All Products
Search
Document Center

Alibaba Cloud Service Mesh:Implement a canary release with Mixerless Telemetry

Last Updated:Mar 11, 2026

Canary releases let you roll out application updates gradually by shifting a small percentage of production traffic to the new version and increasing it only when metrics stay healthy. Service Mesh (ASM) uses Mixerless Telemetry to collect request metrics directly from Envoy sidecars, without the legacy Mixer component. This reduces latency and resource overhead compared to Mixer-based telemetry.

This tutorial sets up an automated canary release pipeline that combines three components:

  • Prometheus collects request success rates and latency metrics from Envoy sidecars.

  • Flagger watches those metrics and progressively shifts traffic to the new version.

  • Horizontal Pod Autoscaler (HPA) scales pods based on load during the rollout.

How it works

Flagger automates the canary release lifecycle in five stages:

  1. Detect -- A new revision is detected (for example, an image tag change).

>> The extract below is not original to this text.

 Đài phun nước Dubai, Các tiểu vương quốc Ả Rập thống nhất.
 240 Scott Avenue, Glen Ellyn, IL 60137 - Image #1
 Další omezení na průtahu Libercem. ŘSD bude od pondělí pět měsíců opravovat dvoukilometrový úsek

  2. Scale up -- The canary deployment scales up and pre-rollout checks run.

  3. Analyze -- Flagger queries Prometheus at each interval for request success rate and P99 latency. If metrics meet the thresholds, canary traffic increases by a fixed step.

  4. Promote -- Once canary traffic reaches the configured maximum, Flagger copies the canary spec to the primary deployment and routes all traffic to it.

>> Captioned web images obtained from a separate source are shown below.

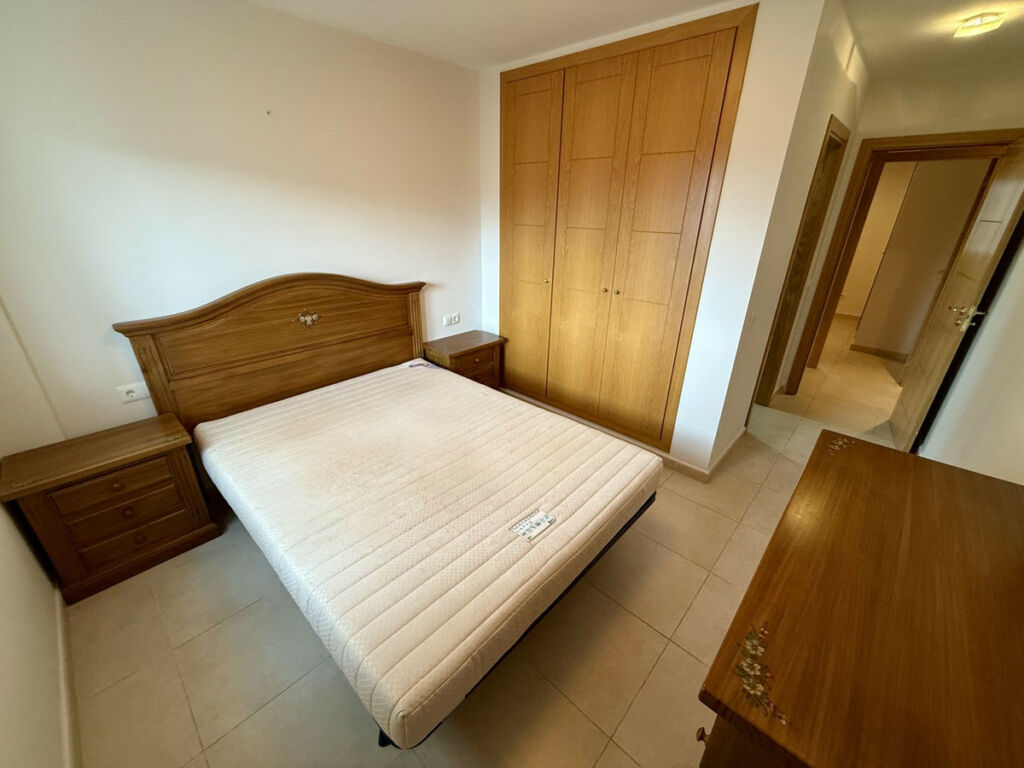 Middle Floor Apartment La Campana Málaga - image 5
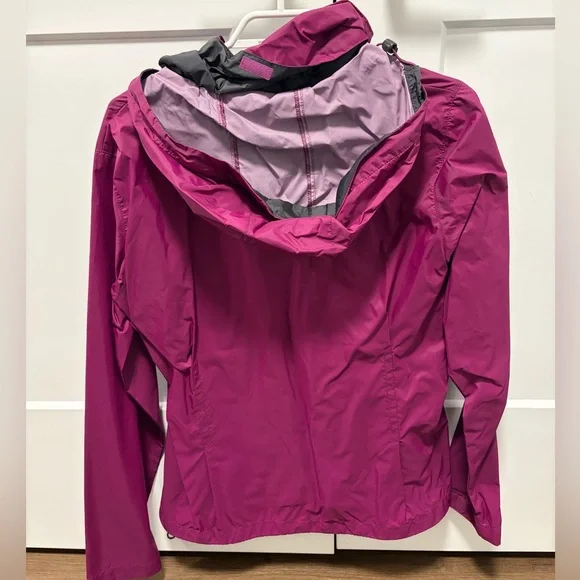 Columbia Women's Raspberry Hooded Packable Jacket - Picture 4 of 4
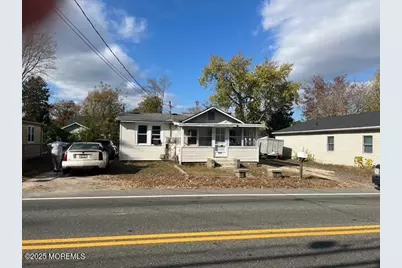 240 Beachwood Boulevard, Beachwood, NJ 08722 - Photo 1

  5. Scale down -- The canary deployment scales to zero and the rollout is marked as succeeded.

If metrics fail threshold checks more than the configured number of times, Flagger routes all traffic back to the primary and marks the rollout as failed. See Automated rollback for details.

Time estimates based on this tutorial's configuration:

ScenarioFormulaDuration
Successful promotioninterval * (maxWeight / stepWeight) = 1 min * (50 / 10)~5 minutes
Rollback on failureinterval * threshold = 1 min * 5~5 minutes

Prerequisites

Before you begin, ensure that you have:

  • An ASM instance with Mixerless Telemetry enabled and connected to Prometheus. For setup instructions, see Use Mixerless Telemetry to observe ASM instances

  • A Container Service for Kubernetes (ACK) cluster connected to the ASM instance

  • kubectl configured for both the ACK cluster and the ASM control plane

  • Helm 3 installed

Step 1: Deploy Flagger

Connect to your ACK cluster and install Flagger with Helm.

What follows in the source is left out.